Guterres on Monday threatened to mobilize his supporters to occupy the provincial police headquarters if the police chief fails to explain why he was denied a meeting with Vice President Megawati Soekarnoputri during an arms handover ceremony last Sunday in Atambua.
Bowing to international pressure, Indonesia this month pledged to disarm the East Timorese militias, following the September 6 killing of three workers of the United Nations High Commissioner on Refugees (UNHCR) in Atambua, the main town for refugee camps of East Timorese.
The deadline to give up the weapons came on Thursday. After that, police were supposed to use force to get the weapons. But an official said security officers could not find any weapons on Thursday.
Wahid, better known as Gus Dur, expressed gratitude that pro-Jakarta East Timorese had fought for integration with Indonesia, but he said they must bow to Indonesian law.
Although they fought for Indonesia, "it does not mean the pro-integration group could violate laws", he said.
Possession of unlicensed firearms by civilians is prohibited in Indonesia, but the militias have long been free to carry their guns with them.
Wahid said that has to stop. "Our law is not discriminative. Anyone who violates the law must be dealt with. I also told Habib Ali Baaqil," he said, referring to the Muslim cleric he accused of involvement in the deadly September 13 bomb blast at the Jakarta Stock Exchange.

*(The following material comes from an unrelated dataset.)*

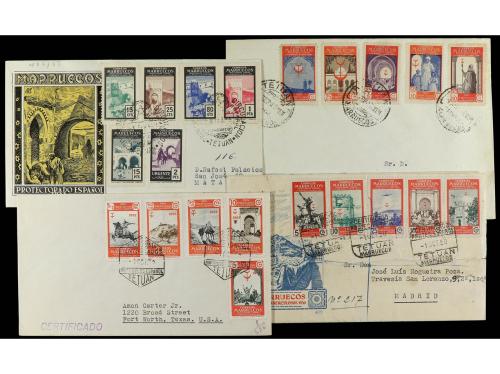 MARRUECOS. 1947-55. Conjunto de siete sobres circulados con 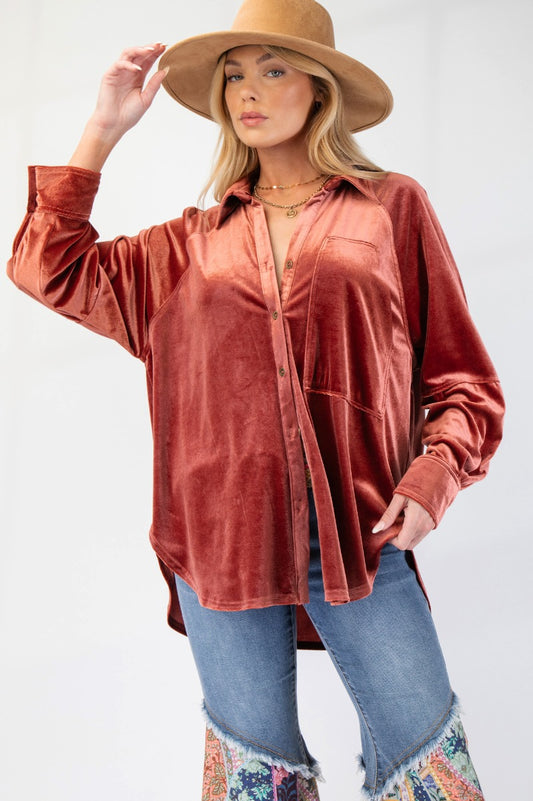 Oversized Velvet Shirt PLUS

Security forces searching for militia weapons in West Timor refugee camps failed to find a single weapon on the first day of the forced disarmament program, officials said.
"The result is nil. There were no weapons in the refugee camps," Novias, a civilian administrator at police headquarters in Atambua told AFP on Thursday.
Novias said the search for arms was continuing and police and soldiers had been sent to more refugee camps in the Belu district, of which Atambua is the main town. "We'll see the outcome," he said.
An AFP photographer in Kupang, the capital of West Timor, said the results of camp searches there had been the same.
After accompanying police backed by Army troops to the Tual Pukan refugee camp some 25 kilometers from Kupang yesterday, the photographer said the search of the camp, which holds 6,300 refugees, revealed just one bullet.
A search of the Noelbaki refugee camp near Kupang, a day earlier, yielded nothing, he added. Belu Police chief Superintendent Simatupang was quoted by Antara as claiming that security personnel managed to seize 27 firearms, 890 homemade weapons and six grenades on Thursday.
Simatupang described the results as "not satisfactory," adding he had ordered police to step up their search efforts.
Militia leader Joanico Cesario and his men surrendered two automatic weapons, 370 rounds of ammunition and seven bullet caches to the provincial police in Kupang yesterday.
Cesario said he did not know how many firearms the militia were holding now. "We as militia leaders will continue to persuade [our members] to voluntarily surrender their weapons, especially standard [military] firearms," he said.
e said he believed pro-Jakarta militias would be willing to surrender their weapons if the government focuses on the fate of the militiamen and some 130,000 refugees still languishing in the squalid West Timor camps.